On February 17, 2021, Teoh Chun Hiah resigned from the Board of Directors (the “Board”), member of the Audit Committee and Chairperson of the Nominating and Corporate Governance Committee of Skillful Craftsman Education Technology Limited (the “Company”) due to her personal reasons. Ms. Teoh’s decision to resign did not arise or result from any disagreement with the Board or the Company on any matter relating to the Company’s operations, policies or practices.

 

Appointment of a Board Member

 

Effective on March 3, 2021, the Board appointed Steven Yuan Ning Sim to serve as a director on the Board, member of the Audit Committee and Chairperson of the Nominating and Corporate Governance Committee to fill in the vacancy created by Ms. Teoh’s resignation until the Company’s next general meeting called for the election of directors.

 

Mr. Steven Yuan Ning Sim is the chief financial officer of Pintec Technology Holdings Limited (Nasdaq: PT), an independent technology company enabling financial services in China since October 2016. Mr. Sim has over 15 years of audit and financial management experience. Previously, Mr. Sim served as vice president of finance at Sohu.com Inc. from 2014 to 2016. From 2011 to 2014, he served as chief financial officer at Leyou Inc., a leading multi-channel baby and maternity platform in China. Mr. Sim served in various capacities at leading public accounting firms including Deloitte & Touche in Beijing, KPMG Europe LLP in London, and Ernst & Young and BDO Raffles in Singapore between 2001 and 2010. Mr. Sim obtained his bachelor’s degree in applied accounting from Oxford Brooks University in 2002 and his MBA degree from European Institute of Business Administration (INSEAD) in 2010. Mr. Sim is a member of the Association of Chartered Certified Accountants (ACCA).

 

Mr. Sim has no family relationships with any of the executive officers or directors of the Company. There are no arrangements or understandings with major shareholders, customers, suppliers or others, pursuant to which Mr. Sim was selected as a director.

 

On March 3, 2021, the Company entered into a Director Offer Letter with Mr. Sim pursuant to which Mr.

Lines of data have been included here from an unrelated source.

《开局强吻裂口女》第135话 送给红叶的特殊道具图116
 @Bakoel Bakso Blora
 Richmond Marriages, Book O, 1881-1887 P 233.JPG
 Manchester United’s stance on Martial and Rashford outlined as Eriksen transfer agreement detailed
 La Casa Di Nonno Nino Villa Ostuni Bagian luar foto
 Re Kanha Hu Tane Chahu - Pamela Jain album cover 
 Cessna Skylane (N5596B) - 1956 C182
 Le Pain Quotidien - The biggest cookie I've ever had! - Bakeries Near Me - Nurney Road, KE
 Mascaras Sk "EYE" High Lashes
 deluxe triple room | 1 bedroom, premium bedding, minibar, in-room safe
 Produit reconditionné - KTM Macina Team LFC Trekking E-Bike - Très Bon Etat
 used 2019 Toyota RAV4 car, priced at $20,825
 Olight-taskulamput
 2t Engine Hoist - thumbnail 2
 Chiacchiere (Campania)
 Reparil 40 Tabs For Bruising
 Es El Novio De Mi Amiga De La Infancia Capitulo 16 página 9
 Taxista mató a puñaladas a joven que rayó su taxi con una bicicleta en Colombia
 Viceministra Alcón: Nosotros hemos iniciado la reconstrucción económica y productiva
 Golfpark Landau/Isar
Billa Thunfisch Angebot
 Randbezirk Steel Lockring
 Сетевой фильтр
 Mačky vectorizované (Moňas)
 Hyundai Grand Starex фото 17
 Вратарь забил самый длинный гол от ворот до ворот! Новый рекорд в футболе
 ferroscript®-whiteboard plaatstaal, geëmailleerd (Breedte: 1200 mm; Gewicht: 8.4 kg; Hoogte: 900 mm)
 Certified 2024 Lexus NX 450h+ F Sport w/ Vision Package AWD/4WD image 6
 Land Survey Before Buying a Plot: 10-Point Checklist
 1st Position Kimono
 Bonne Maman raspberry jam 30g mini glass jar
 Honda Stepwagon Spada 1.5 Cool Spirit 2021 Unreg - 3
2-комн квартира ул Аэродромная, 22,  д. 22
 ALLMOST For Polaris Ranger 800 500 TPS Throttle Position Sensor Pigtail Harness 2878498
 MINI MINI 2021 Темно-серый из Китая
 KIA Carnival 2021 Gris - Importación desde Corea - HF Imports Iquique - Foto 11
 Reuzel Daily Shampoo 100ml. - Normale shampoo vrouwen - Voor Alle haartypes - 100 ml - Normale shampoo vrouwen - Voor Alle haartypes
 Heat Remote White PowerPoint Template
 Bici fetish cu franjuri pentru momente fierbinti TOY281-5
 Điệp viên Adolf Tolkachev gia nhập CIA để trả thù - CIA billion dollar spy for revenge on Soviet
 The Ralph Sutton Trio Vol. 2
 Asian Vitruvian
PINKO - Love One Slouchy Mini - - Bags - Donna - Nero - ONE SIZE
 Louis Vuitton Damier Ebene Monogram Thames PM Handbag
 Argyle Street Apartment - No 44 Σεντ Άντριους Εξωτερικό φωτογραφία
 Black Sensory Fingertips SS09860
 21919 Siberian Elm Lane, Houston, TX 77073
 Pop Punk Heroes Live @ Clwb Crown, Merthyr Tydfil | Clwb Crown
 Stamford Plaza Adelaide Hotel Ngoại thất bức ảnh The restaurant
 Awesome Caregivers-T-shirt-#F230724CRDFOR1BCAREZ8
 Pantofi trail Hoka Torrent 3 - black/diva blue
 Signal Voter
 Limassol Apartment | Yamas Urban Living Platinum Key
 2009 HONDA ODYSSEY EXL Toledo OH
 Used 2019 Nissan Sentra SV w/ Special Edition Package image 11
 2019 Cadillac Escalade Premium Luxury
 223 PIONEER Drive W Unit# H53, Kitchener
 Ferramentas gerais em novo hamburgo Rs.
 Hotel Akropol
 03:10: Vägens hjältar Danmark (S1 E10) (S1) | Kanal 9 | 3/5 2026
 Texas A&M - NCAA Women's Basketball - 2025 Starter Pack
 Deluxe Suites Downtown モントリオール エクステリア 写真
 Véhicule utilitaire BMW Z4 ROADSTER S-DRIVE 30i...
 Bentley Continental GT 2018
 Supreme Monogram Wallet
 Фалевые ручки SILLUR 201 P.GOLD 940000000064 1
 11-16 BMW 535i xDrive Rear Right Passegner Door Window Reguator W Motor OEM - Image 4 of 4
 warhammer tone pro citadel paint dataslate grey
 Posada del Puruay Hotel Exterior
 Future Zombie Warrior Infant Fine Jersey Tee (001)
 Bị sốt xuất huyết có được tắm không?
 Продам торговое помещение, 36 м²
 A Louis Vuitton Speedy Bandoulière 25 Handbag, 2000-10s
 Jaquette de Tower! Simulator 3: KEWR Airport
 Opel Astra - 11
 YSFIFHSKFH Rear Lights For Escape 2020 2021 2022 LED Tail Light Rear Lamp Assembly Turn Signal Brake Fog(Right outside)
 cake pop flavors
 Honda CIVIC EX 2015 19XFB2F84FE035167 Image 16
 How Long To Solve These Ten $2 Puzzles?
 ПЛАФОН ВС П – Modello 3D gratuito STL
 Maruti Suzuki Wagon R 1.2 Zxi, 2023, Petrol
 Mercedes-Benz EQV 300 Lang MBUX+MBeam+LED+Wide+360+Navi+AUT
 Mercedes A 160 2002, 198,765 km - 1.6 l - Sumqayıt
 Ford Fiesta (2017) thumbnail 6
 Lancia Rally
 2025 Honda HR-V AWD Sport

Sim shall receive an annual compensation of $21,600. The Director Offer Letter is qualified in its entirety by reference to its complete text, which is filed hereto as Exhibits 99.1.

 

  

 

 

EXHIBIT INDEX

 

Exhibit
Number
  Description
     
99.1   Director Offer Letter, dated March 3, 2021, by and between the Company and Steven Yuan Ning Sim
99.2   Press release dated March 4, 2021

 

  

 

 

SIGNATURES

 

Pursuant to the requirements of the Securities Exchange Act of 1934, the registrant has duly caused this report to be signed on its behalf by the undersigned, thereunto duly authorized.

 

  SKILLFUL CRAFTSMAN EDUCATION TECHNOLOGY LIMITED
  (Registrant)
   
Date: March 4, 2021 By: /s/ Xiaofeng Gao
    Xiaofeng Gao
    Chief Executive Officer and Chairman of the Board of Directors

 

  

 

Exhibit 99.1

Skillful Craftsman Education Technology Limited

Floor 4, Building 1, No. 311, Yanxin Road

Huishan District, Wuxi

Jiangsu Province, PRC 214000

Date: March 3, 2021

Steven Yuan Ning Sim

Address: Floor 9, Heng An Building, No. 17, East 3rd Ring Road, Chaoyang, Beijing 100027

 

Re:        Director Offer Letter

Dear Steven Yuan Ning Sim:

Skillful Craftsman Education Technology Limited, a Cayman Islands company (the “Company”) is pleased to offer you a position as a member of the Company’s Board of Directors (the “Board”).  We are very impressed with your credentials, and we look forward to your future success in this role.

This letter shall constitute an agreement (“Agreement”) between you and the Company and contains all the terms and conditions relating to the services you are to provide.

1.       Term.  This Agreement shall have an initial term of one year, beginning on March 3, 2021. Your term as director shall continue subject to the provisions in Section 7 below or until your successor is duly elected and qualified.The position shall be up for re-election each year at the Company’s annual general meeting and upon re-election, the terms and provisions of this Agreement shall remain in full force and effect.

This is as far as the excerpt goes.